Each node shows the step name and type; edges are the needs relations.
Variables are resolved (same spec flags as apply), so a step whose when:
condition is false is drawn dashed/gray and labeled skipped. The DAG is
validated first — a dependency cycle exits 2, same as validate.
$ khook graph -f examples/multi-app.yaml
flowchart TD
n0["create-monitoring-namespace (apply)"]
n1["prometheus (helm)"]
n2["create-app-namespace (apply)"]
n3["deploy-sample-app (apply)"]
n0 --> n1
n2 --> n3
khook schema
Prints the JSON Schema for the spec (draft 2020-12), including the
constraints the type reflection alone can’t express: fixed
apiVersion/kind, exactly one action key per step, exactly one source key
per manifest/values entry, exactly one of restart/status (rollout) and
manifests/resource/release (delete), and the onError/patch-type
value sets.
The same schema is committed at docs/schema/v1/khook.json
for editors (# yaml-language-server: $schema=...); make schema
regenerates it, and a unit test fails when it drifts from the spec types.
The schema validates specs as authored — ${VAR} references live inside
string values and pass through untouched.
khook version
Version, commit, build date, platform (set via -ldflags -X
github.com/dvrkn/khook/internal/cli.Version=... at release time).
Exit codes
| Code | Meaning |
|---|---|
| 0 | success |
| 1 | execution failure (a step failed, cluster unreachable) |
| 2 | validation failure (bad spec, unresolved variables, DAG cycle, bad flags) |
Execution semantics
Steps run in topologically sorted parallel levels.
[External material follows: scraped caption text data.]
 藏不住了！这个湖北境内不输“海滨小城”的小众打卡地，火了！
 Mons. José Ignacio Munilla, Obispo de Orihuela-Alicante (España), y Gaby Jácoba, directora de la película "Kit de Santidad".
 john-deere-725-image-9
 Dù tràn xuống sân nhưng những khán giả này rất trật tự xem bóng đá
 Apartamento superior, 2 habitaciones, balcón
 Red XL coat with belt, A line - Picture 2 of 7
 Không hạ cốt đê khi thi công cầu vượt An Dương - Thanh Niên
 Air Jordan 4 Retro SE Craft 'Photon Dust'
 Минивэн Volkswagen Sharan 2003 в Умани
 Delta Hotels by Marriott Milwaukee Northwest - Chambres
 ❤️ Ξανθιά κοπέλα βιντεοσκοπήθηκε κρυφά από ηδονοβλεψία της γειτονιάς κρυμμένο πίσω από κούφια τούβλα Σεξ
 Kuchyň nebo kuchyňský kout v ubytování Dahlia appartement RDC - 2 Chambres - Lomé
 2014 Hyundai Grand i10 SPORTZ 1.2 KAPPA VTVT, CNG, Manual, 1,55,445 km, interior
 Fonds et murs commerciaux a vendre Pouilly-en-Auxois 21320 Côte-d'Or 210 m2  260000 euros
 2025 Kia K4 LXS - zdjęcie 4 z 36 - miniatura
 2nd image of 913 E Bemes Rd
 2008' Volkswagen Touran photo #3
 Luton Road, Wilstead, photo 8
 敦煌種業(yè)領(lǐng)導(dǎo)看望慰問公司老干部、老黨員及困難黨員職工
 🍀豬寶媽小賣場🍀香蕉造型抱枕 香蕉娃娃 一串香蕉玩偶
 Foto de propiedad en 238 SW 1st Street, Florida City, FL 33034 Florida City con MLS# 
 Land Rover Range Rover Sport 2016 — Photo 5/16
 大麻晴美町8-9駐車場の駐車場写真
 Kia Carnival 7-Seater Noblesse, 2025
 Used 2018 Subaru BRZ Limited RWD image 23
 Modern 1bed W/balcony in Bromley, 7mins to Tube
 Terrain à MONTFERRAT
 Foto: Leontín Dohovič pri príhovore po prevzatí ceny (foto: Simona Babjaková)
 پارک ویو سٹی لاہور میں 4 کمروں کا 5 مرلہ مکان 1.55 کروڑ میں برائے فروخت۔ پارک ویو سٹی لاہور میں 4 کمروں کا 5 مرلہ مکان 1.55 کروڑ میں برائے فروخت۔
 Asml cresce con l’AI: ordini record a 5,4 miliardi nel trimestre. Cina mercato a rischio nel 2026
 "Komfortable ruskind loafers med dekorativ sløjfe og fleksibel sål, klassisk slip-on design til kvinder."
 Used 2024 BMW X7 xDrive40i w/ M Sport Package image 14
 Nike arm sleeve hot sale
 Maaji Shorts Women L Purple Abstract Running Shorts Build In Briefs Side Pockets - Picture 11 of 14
Per-step timeout bounds
each attempt; retries/retryDelay control re-attempts; onError: fail
(default) lets running steps finish but starts nothing new, onError:
continue keeps scheduling other branches (dependents of the failed step are
still skipped). A step whose when: condition is false is skipped but still
satisfies its dependents’ needs (see docs/dsl.md). Skipped
steps and the reason always appear in the summary. Ctrl-C cancels the run;
steps not yet started are reported skipped.
Re-running the same spec is safe: helm: upgrades instead of installing,
apply: patches existing resources, delete: treats absent resources as
success (ignoreNotFound defaults true), job: replaces the previous run’s
Job, and each type’s skipIf predicate (installed / exists /
succeeded) short-circuits steps whose outcome already holds.
Logging
Structured log/slog output. --log-format json emits one JSON object per
line for machine consumption; the summary (table, JSON results, or live
progress lines) goes to stdout, logs to stderr. When apply renders live
progress on a TTY, the default log level is raised to warn unless
--log-level was given explicitly.